L’Europa si trova oggi in una posizione di evidente svantaggio sotto i continui attacchi, più o meno velati, dell’ex presidente americano Donald Trump. Il termine "bullizzati" non è un’esagerazione, ma la cruda descrizione di una realtà politica e diplomatica in cui il Vecchio Continente appare incapace di rispondere con fermezza alle provocazioni e minacce che provengono da Oltreoceano.
Trump, anche al di fuori della Casa Bianca, continua a esercitare un’influenza destabilizzante sugli equilibri internazionali, minacciando sanzioni e dazi contro l’Unione Europea in caso di disallineamento dagli interessi statunitensi. La sua ultima uscita – che prospetta pesanti “ritorsioni” in caso di mancati investimenti europei sul suolo americano – è solo l’ennesima dimostrazione di una visione autoritaria e prevaricatrice dei rapporti tra potenze.
La cosa più grave, però, non è la sfrontatezza di Trump. È il silenzio – o peggio, l’arrendevolezza – delle istituzioni europee, incapaci di parlare con una sola voce e di difendere con decisione gli interessi strategici dei propri cittadini. Le divisioni interne, la burocrazia asfissiante e la cronica lentezza nelle decisioni rendono l’UE vulnerabile a ogni tipo di pressione esterna, sia economica che geopolitica.
Questa situazione è diventata ormai insostenibile. Non è solo una questione di orgoglio, ma di sopravvivenza. L'Europa non può più permettersi di restare una potenza economica priva di ambizione politica.
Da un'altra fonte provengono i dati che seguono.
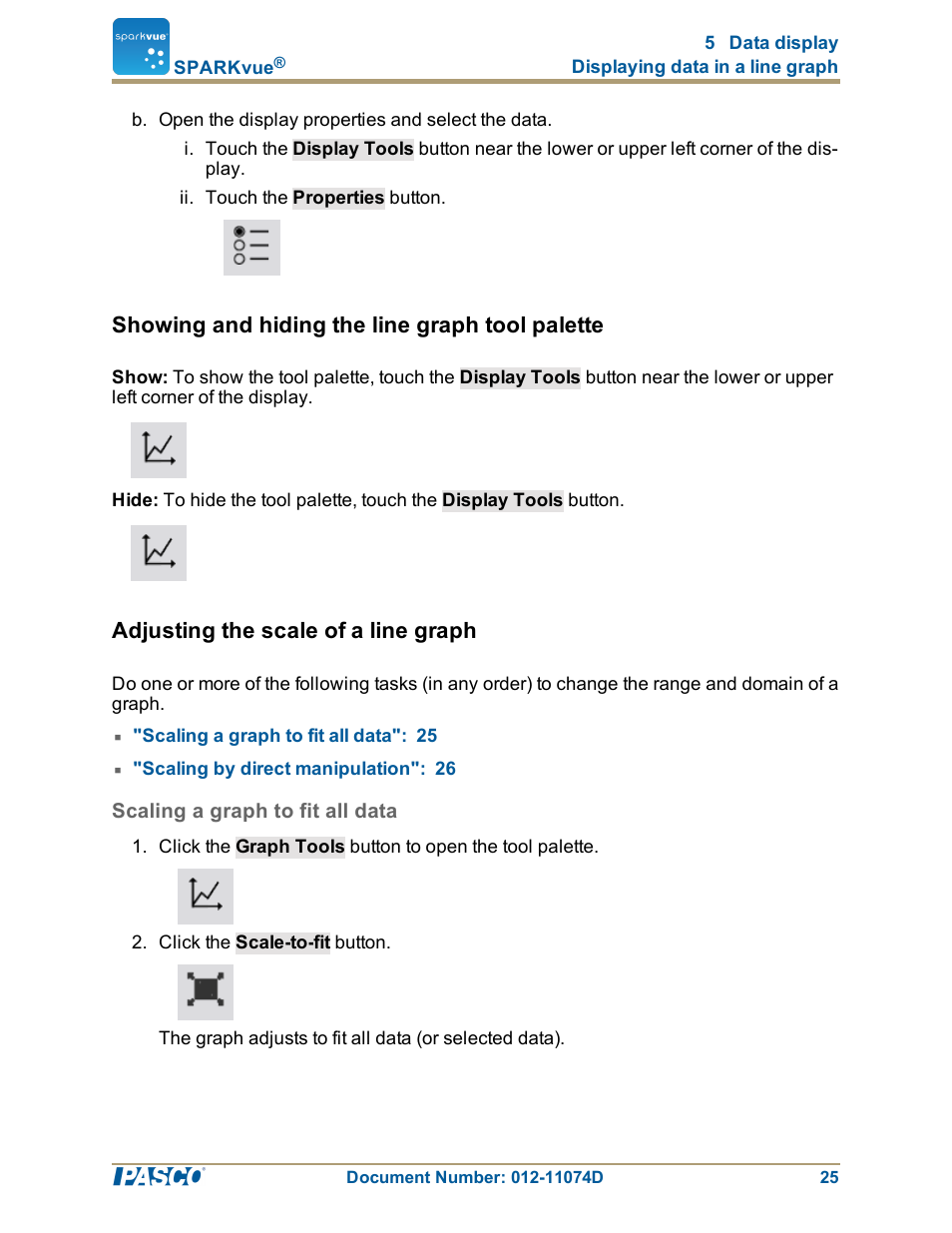 Showing and hiding the line graph tool palette, Adjusting the scale of a line graph, Scaling a graph to fit all data | Adjusting the scale of a line graph": 25 | PASCO SPARKvue ver.2.0 User Manual | Page 37 / 118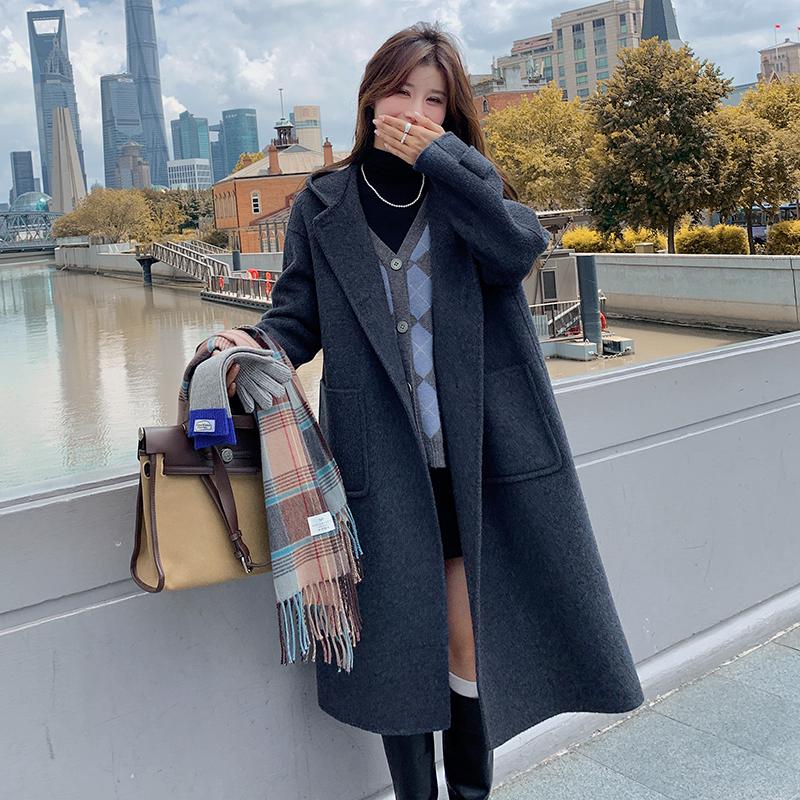 灰色双面羊绒大衣女秋冬新款加厚显瘦高级感气质连帽过膝毛呢外套,女装毛呢外套,昱儿e优优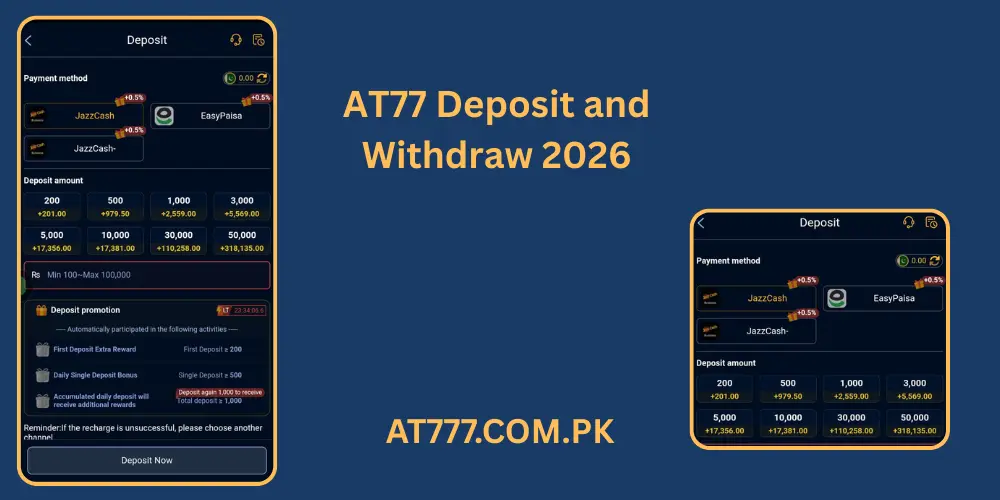 AT77 Game Deposit And Withdraw
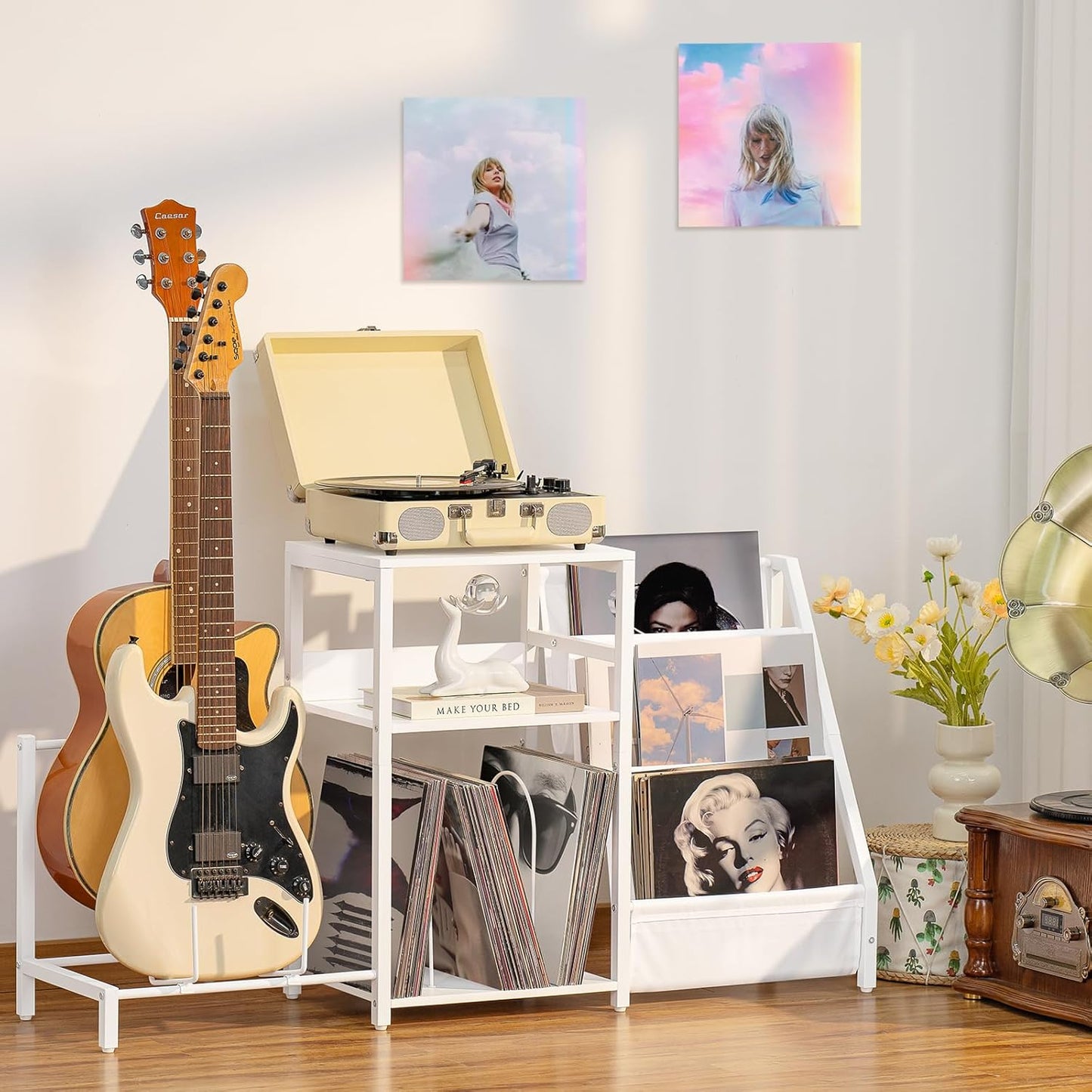 LELELINKY Record Player Table,Adjustable Guitar Stand for Acoustic Guitar, Electric Guitar, Bass, White Turntable Holder with Vinyl Storage Up to 150 Albums, Side Table with Magazine Periodical Rack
Serve un salto di qualità nella visione strategica: una politica estera unitaria, una difesa comune reale, un piano industriale che punti al recupero del terreno perduto in settori chiave come il digitale, il software, l’intelligenza artificiale e l’intrattenimento, oggi quasi interamente dominati da attori americani o asiatici.
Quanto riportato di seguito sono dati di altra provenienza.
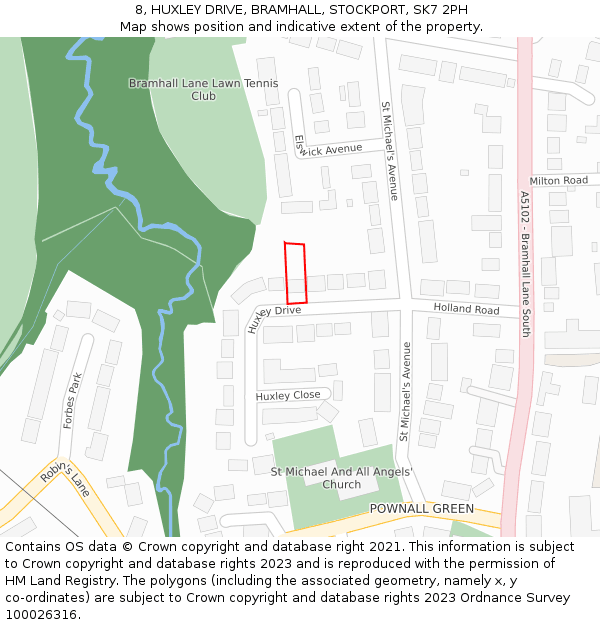 8, HUXLEY DRIVE, BRAMHALL, STOCKPORT, SK7 2PH: Location map and indicative extent of plot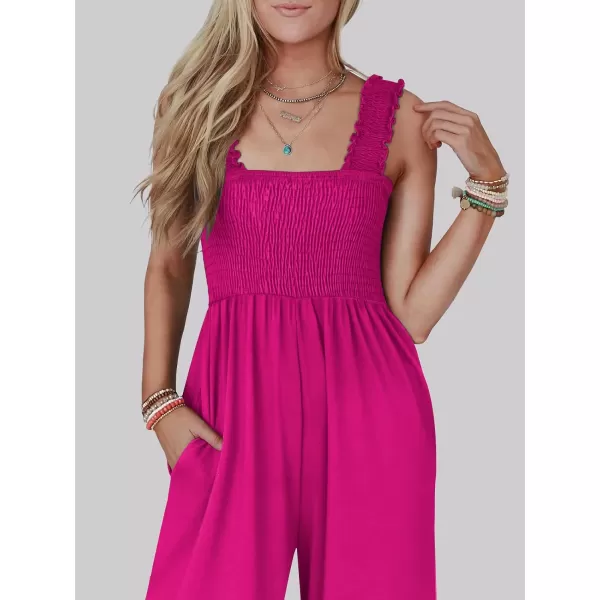 imageANRABESS Jumpsuits for Women Casual Jumpers Summer Sleeveless Loose High Waist Wide Leg Rompers with Pockets 2024Hot Pink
L'idea di una sovranità tecnologica europea non può restare uno slogan vuoto. È tempo di investire massicciamente in ricerca, innovazione e cultura, sostenendo le imprese locali e promuovendo filiere produttive indipendenti. Allo stesso tempo, è urgente ridefinire il ruolo dell’UE nello scenario globale: non più spettatrice passiva, ma attore centrale, capace di difendere i propri valori e interessi con autorevolezza.
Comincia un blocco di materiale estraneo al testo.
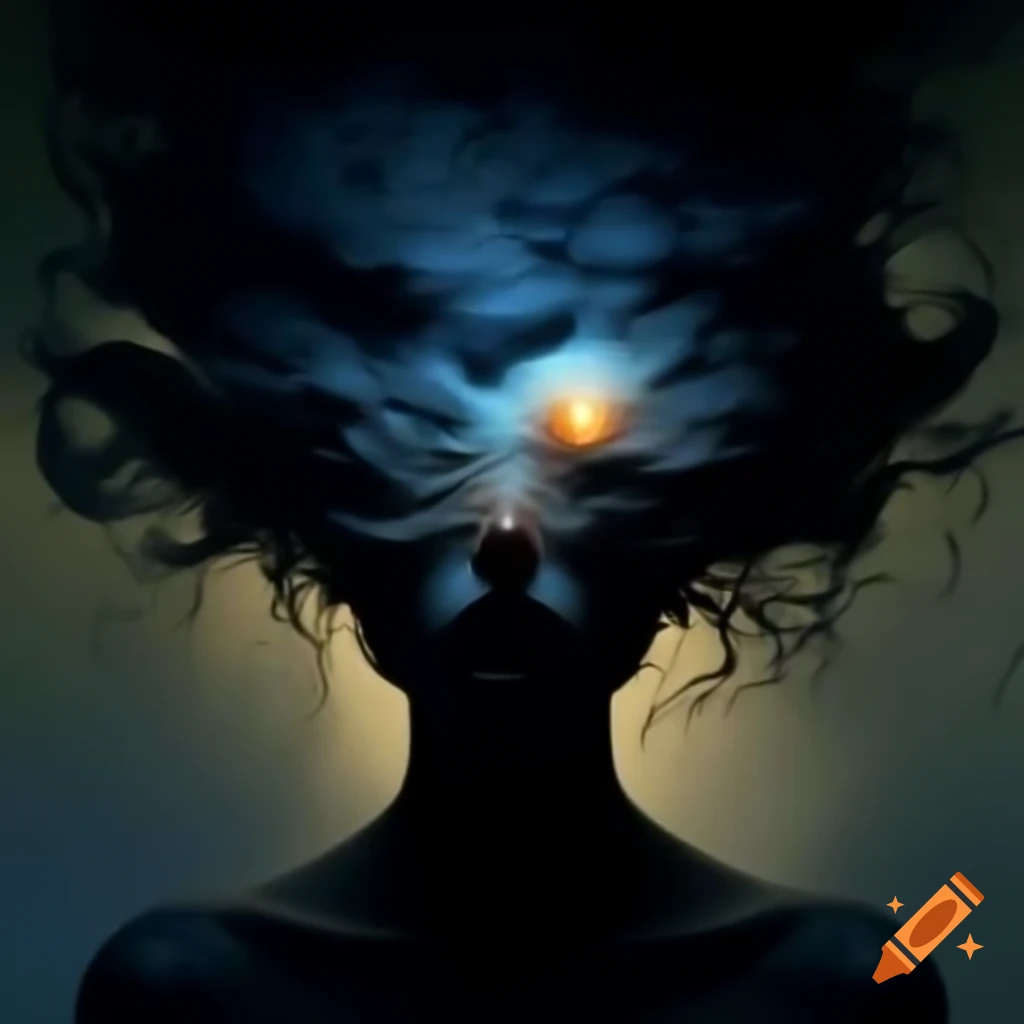 Abstract silhouette of human head with mist and glowing neural pathways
Per non sottostare al bullismo di Trump – o di chiunque altro – l’Europa ha bisogno di azioni concrete e scelte prospettiche immediate. Serve coraggio, visione e, soprattutto, unità. Solo così potrà affermare la propria indipendenza e competitività su un palcoscenico globale sempre più ostile, in cui solo chi sa farsi rispettare può davvero contare.